89th American Meteorological Society Annual Meeting

Sunday, 11 January 2009
The environmental impacts on the structure and evolution of a cirrus anvil during the CRYSTAL-FACE campaign in Florida 2002
Phoenix Convention Center
Nicole Ann Hastings, Univ. of Wyoming, Laramie, WY
Over the decades many studies have contributed to our knowledge of cirrus clouds but few campaigns prior to the Cirrus Regional Study of Tropical Anvils and Cirrus Layers Florida Area Cirrus Experiment (CRYSTAL-FACE) in 2002 have gotten corresponding data from satellite, airborne and ground based remote sensing platforms as well as in situ measurements. The lack of a wide variety of data makes it difficult to presume that our cloud models have been accurate. In order to improve our models to the amount of accuracy we desire, more work must be done so that the generation mechanisms, temperature, altitude, spacial inhomogeneities of ice water content (IWC) and particle size (Dge) of cirrus anvil clouds are properly assessed.

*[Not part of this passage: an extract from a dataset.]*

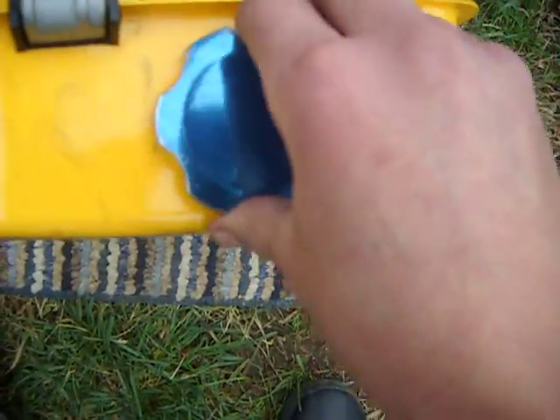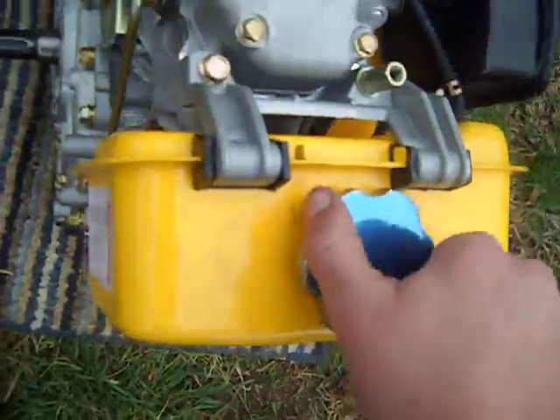These engines — for Chinese-made — aren't half bad. So I'll start it up. Oh yeah, that's the air filter.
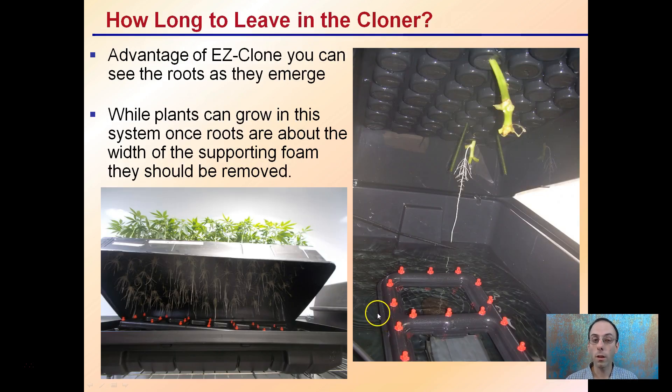How long should you leave your cuttings in the cloner? You want to wait until the roots emerge. While plants can grow in the system, once roots are about the width of the supporting foam, they should be removed. Sometimes you'll have some that root earlier and some that root later. The advantage of this system is you can remove individual clones when you feel they're ready.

Data derived from the ER-2 high altitude duel wavelength radar and Geostationary Operational Environmental Satellite (GOES) sensor during CRYSTAL-FACE in 2002 was processed and analyzed. Several separate cirrus anvils were studied in order to evaluate the affect that the environmental wind shear, convection intensity and moisture content has on the spacial distribution, the vertical and horizontal microphysical structure, and consequently the radiative balance in the immediate locality of the anvil as the cloud evolved.